Dorothy Smith, president of the San Diego Unified School District board of trustees, said many teachers do respond positively to parents, and she urged parents to persist in their involvement. She asked district Supt. Tom Payzant last year to modify instructions to principals concerning parent visitations on campus because procedure manuals emphasized security rather than communication.

"We want it modified so that the first thing said to parents is not 'You don't belong here; you can be arrested for coming onto campus,' to more of a 'Welcome to the campus.'

"If a parent is rebuffed the first time, then he or she will turn around and never come back.

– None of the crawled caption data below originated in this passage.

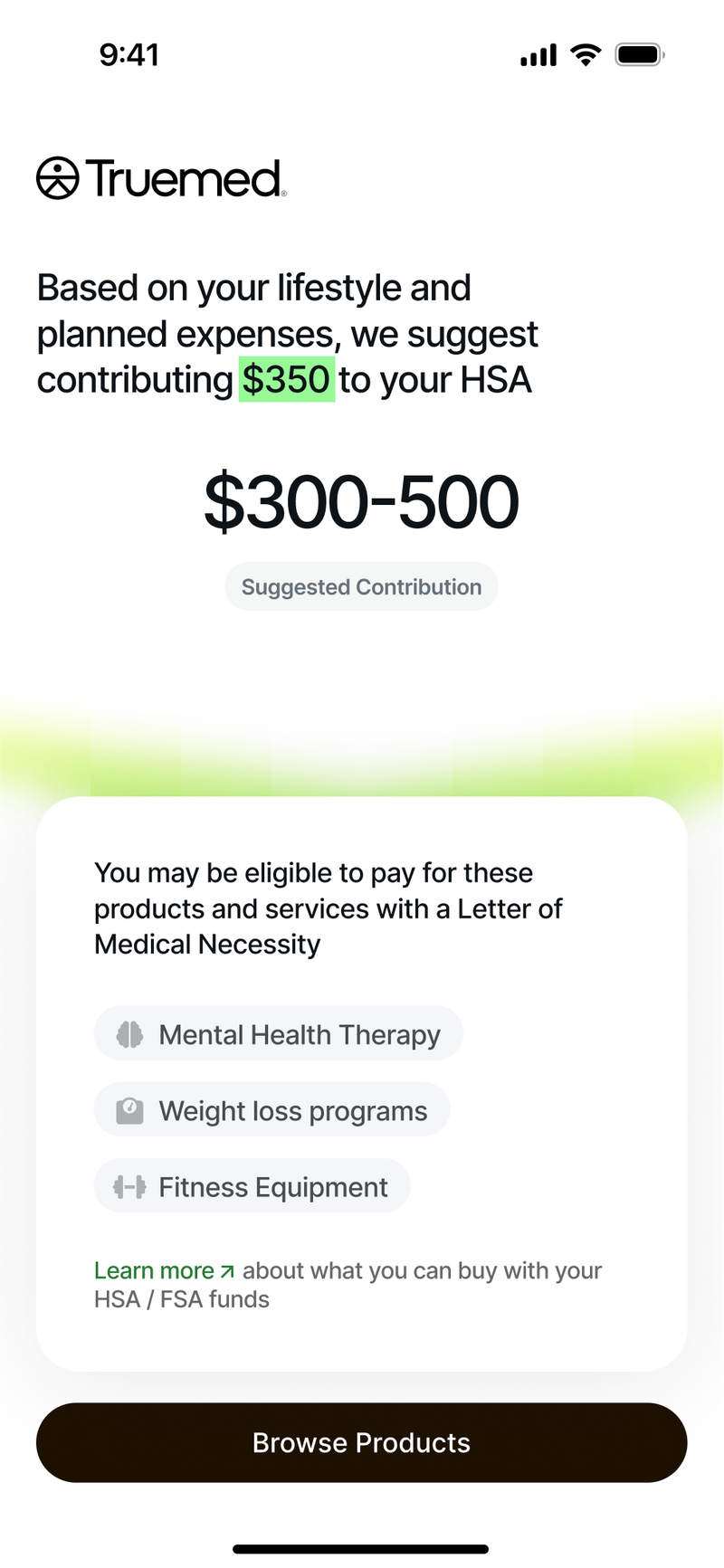 Image or video content for Truemed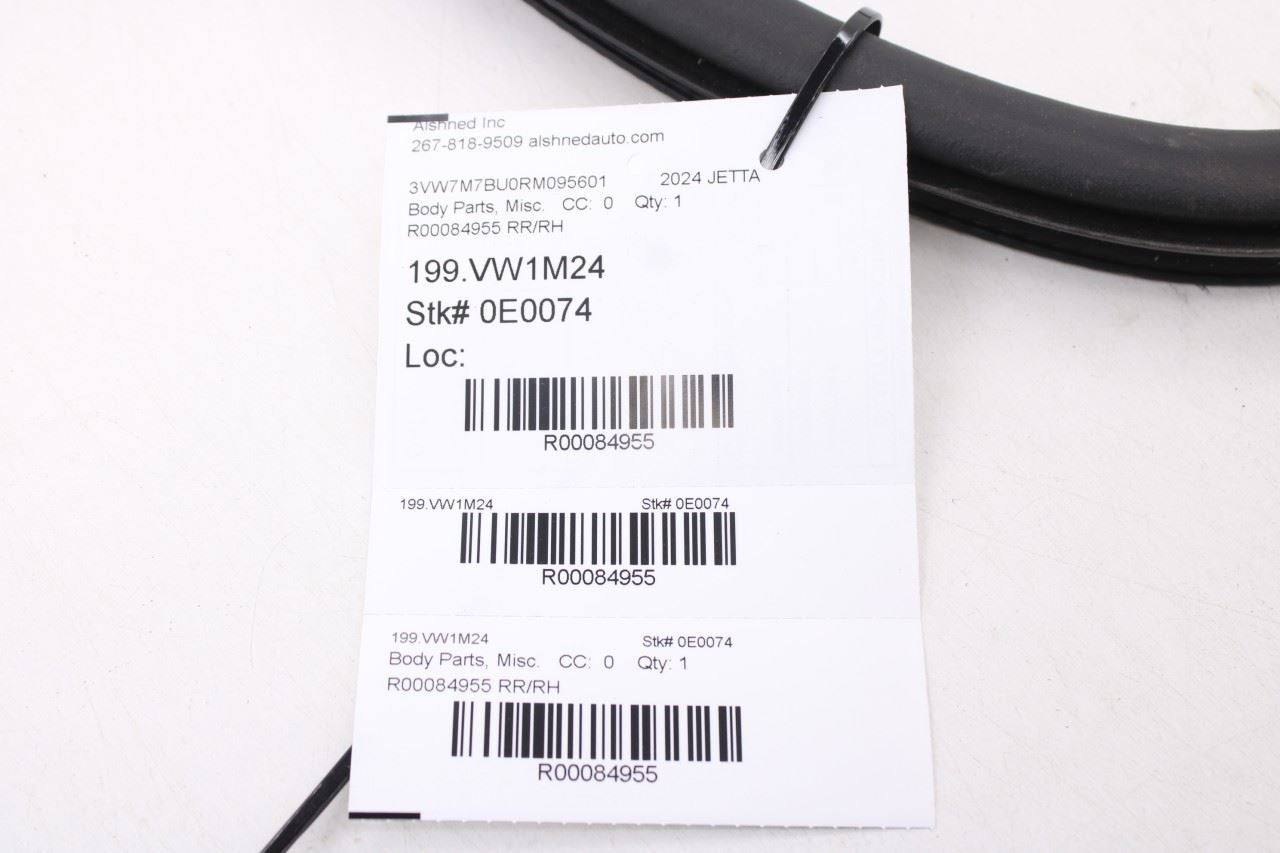 19-26 Volkswagen Jetta SE Rear Right Door Weatherstrip On Body 17A867914A9B9 OEM9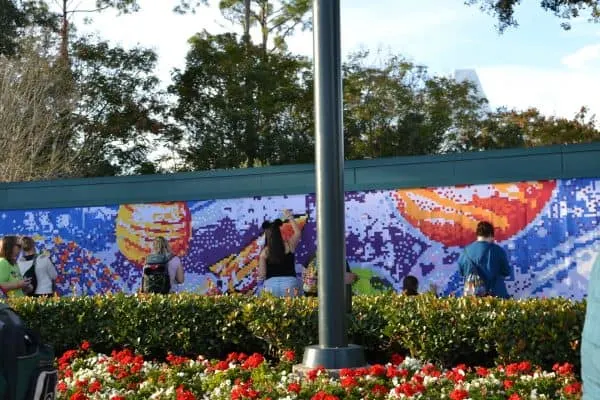 Epcot's Festival of Arts wall mural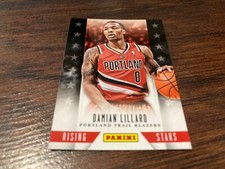 Rare Damian Lillard 2012-13 Panini Hoops Rising Stars Exclusive Rookie RC 2/10 $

But I say that good things are happening in some schools," Smith said, adding that teachers need to work more with students who aren't necessarily the top achievers and who show off best.

At Martin Luther King Elementary, the teaching staff has a parent booster club that helps tutor children.

Principal Maria Garcia of Baker Elementary, another Southeast school, said teachers understand that with single-parent families, conferences may have to be held early in the morning before work or in the late afternoon and early evening.

"And I'd like to see manufacturers give employees a break" to talk with the school, Garcia said. "Many places will not let their employees come to the phone to talk to (the teacher or their child) unless it is an emergency. We need to sensitize employers at least to understand that a parent wants to know what is going on immediately when they get a call, not wait until their break."

Sister Louise McDonald of Christ the King Catholic Church said churches can and should do more than simply preach on Sundays.

"We mobilized our congregation to do a march (in front of Martin Luther King Elementary) where there is a lot of drug trafficking, to pray for deliverance from (the problem) . . . and we are working with the police and the school to increase patrols in the area."